(Exercise data begins)

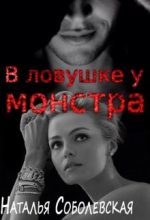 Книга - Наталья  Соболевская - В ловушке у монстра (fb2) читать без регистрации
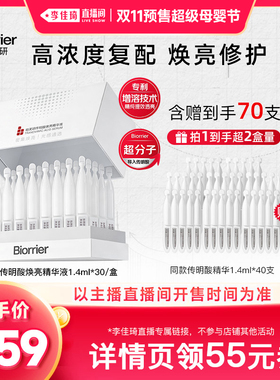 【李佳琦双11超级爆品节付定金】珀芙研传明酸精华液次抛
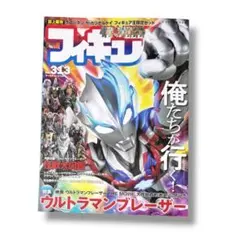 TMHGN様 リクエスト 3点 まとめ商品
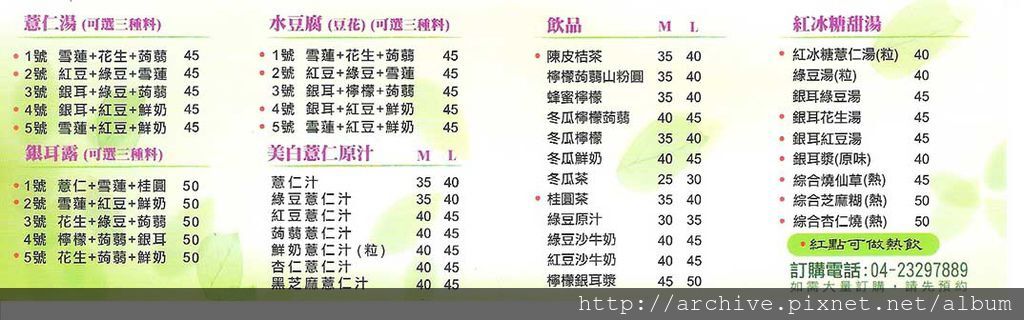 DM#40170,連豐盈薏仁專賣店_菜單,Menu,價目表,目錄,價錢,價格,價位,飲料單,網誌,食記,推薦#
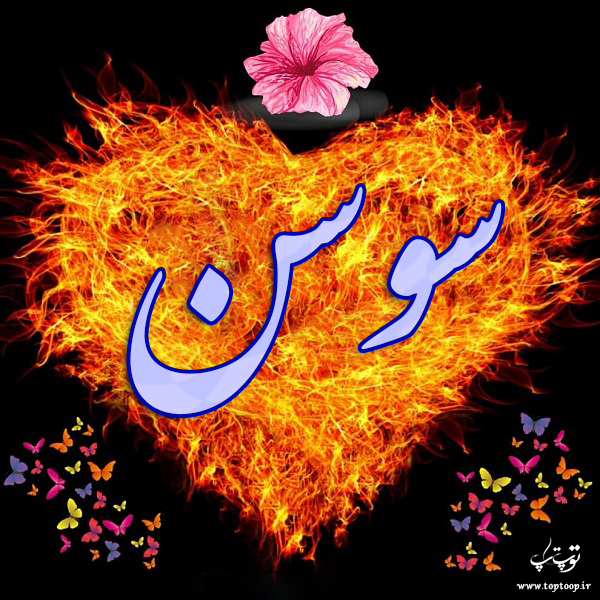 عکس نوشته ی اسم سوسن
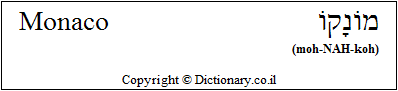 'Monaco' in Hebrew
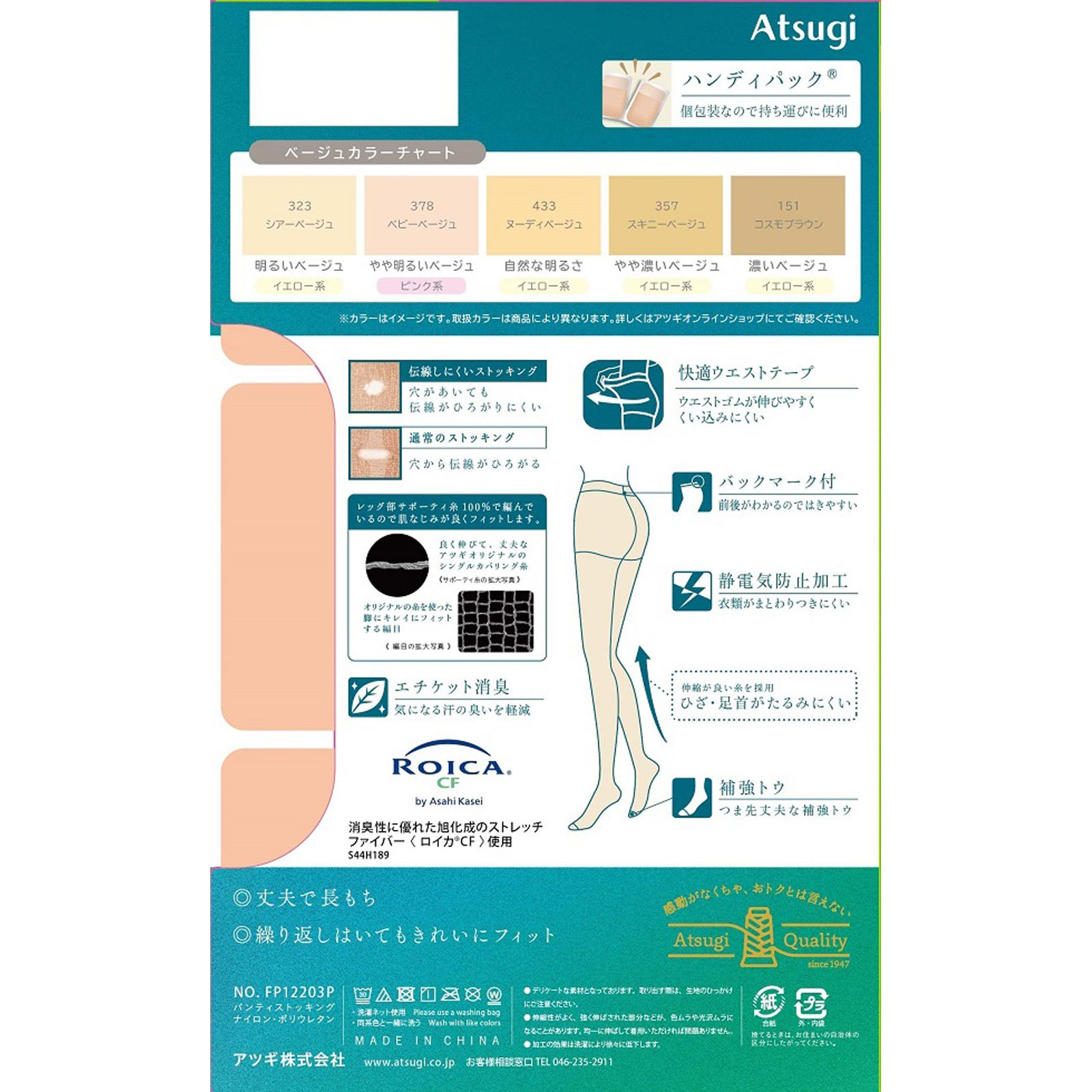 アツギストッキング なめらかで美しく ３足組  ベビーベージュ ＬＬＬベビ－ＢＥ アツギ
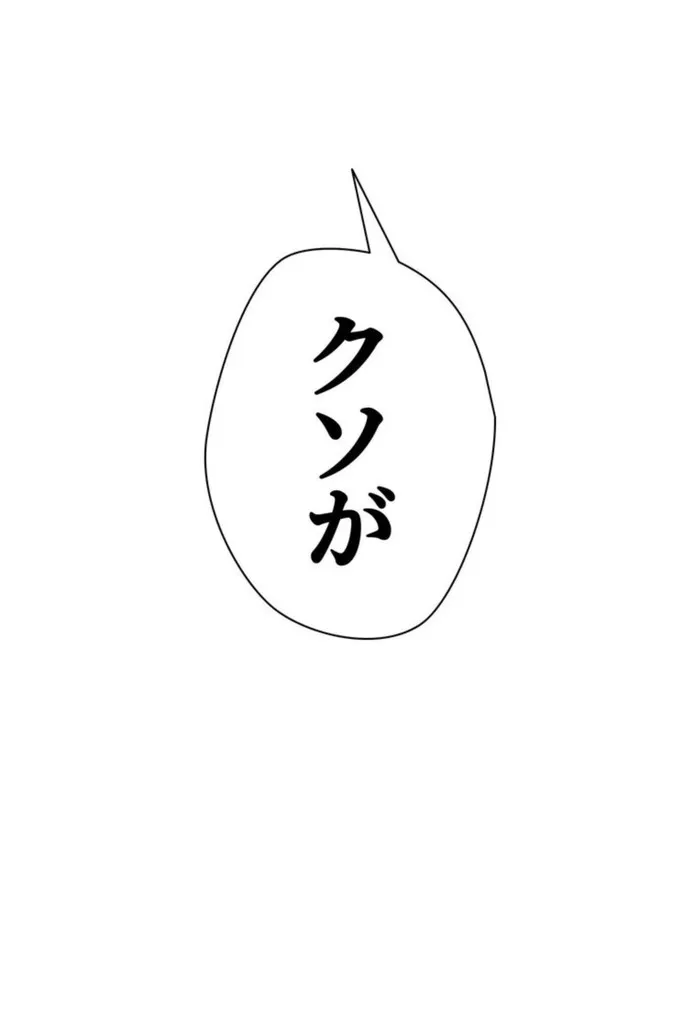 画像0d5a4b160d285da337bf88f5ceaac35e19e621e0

(Exercise data ends)
(Exercise data begins)

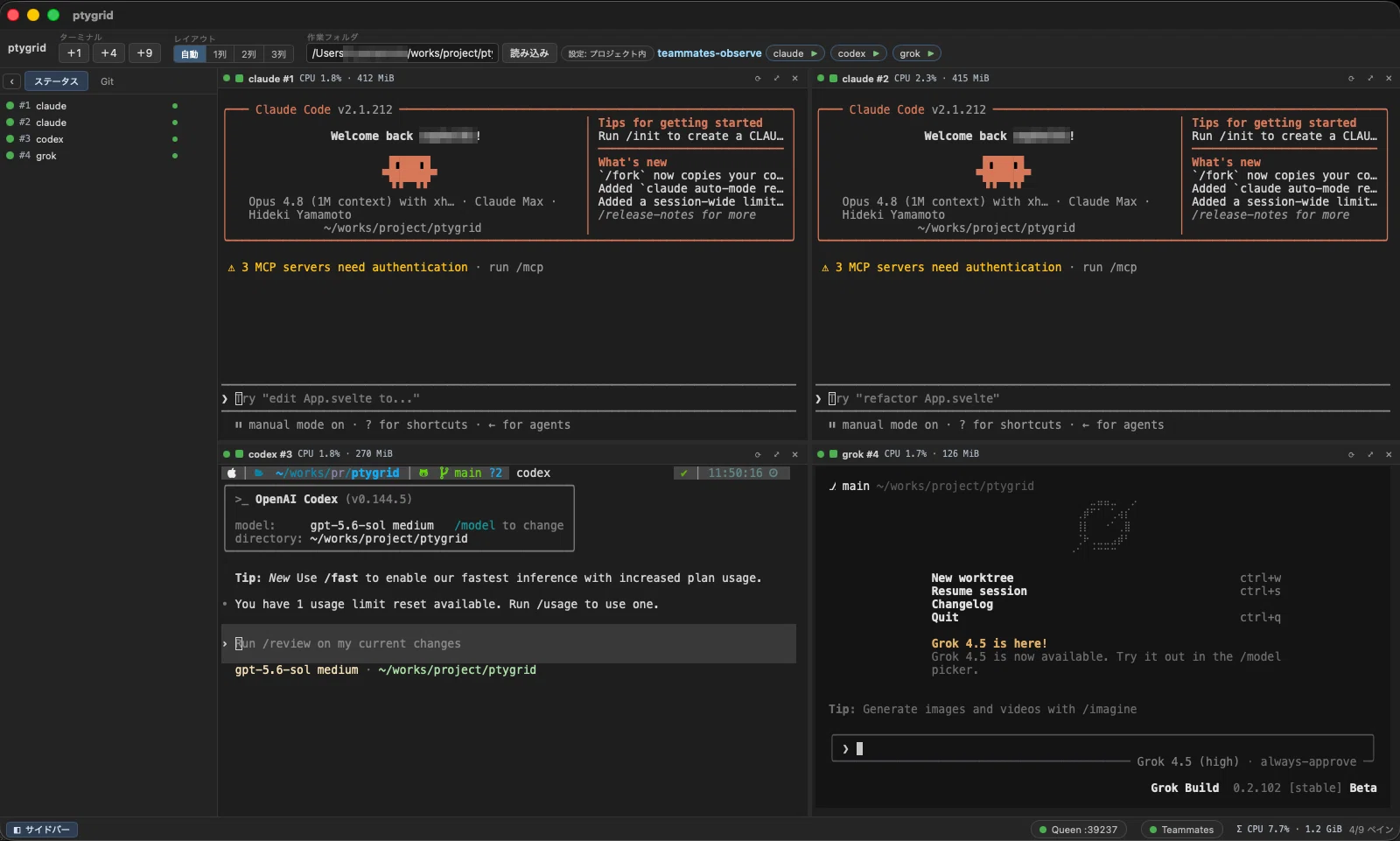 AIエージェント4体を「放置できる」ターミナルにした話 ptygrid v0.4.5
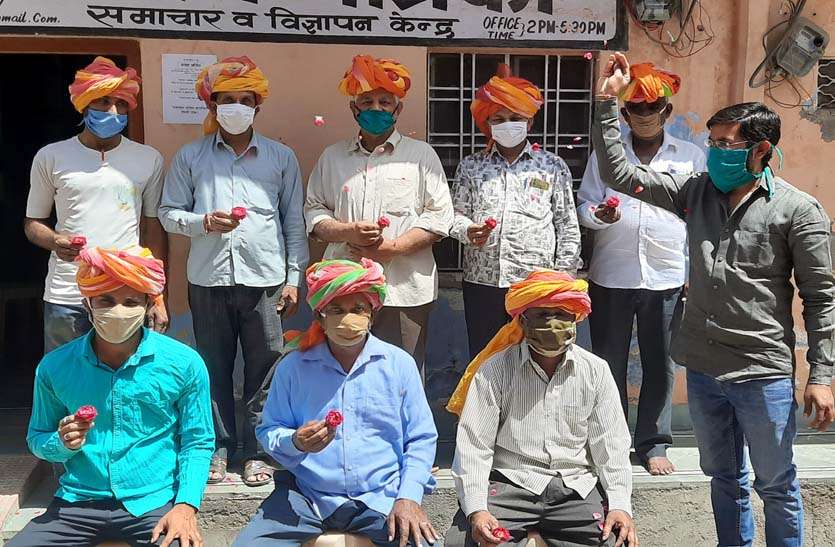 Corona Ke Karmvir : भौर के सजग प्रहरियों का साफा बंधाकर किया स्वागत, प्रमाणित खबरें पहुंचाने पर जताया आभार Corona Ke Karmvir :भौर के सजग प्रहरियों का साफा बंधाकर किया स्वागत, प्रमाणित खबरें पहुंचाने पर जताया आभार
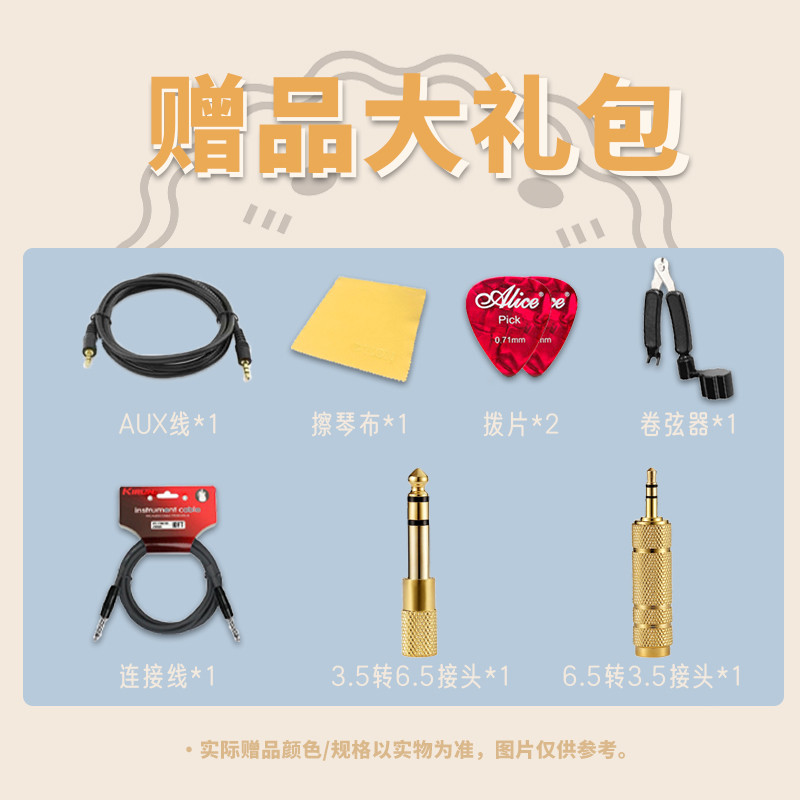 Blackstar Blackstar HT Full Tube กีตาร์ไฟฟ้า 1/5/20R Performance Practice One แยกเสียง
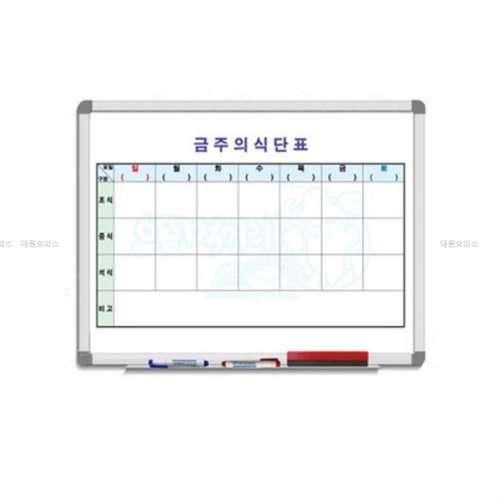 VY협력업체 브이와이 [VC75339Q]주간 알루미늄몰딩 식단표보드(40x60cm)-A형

(Exercise data ends)

- **What the task requires**: Write out, word for word, the stretch of entries that begins at the line with "TMHGN様 リクエスト 3点 まとめ商品" and ends at the line with "画像0d5a4b160d28". Pictures do not belong in it.

- **Response to the task**:
 TMHGN様 リクエスト 3点 まとめ商品
 DM#40170,連豐盈薏仁專賣店_菜單,Menu,價目表,目錄,價錢,價格,價位,飲料單,網誌,食記,推薦#
 عکس نوشته ی اسم سوسن
 'Monaco' in Hebrew
 アツギストッキング なめらかで美しく ３足組  ベビーベージュ ＬＬＬベビ－ＢＥ アツギ
 画像0d5a4b160d285da337bf88f5ceaac35e19e621e0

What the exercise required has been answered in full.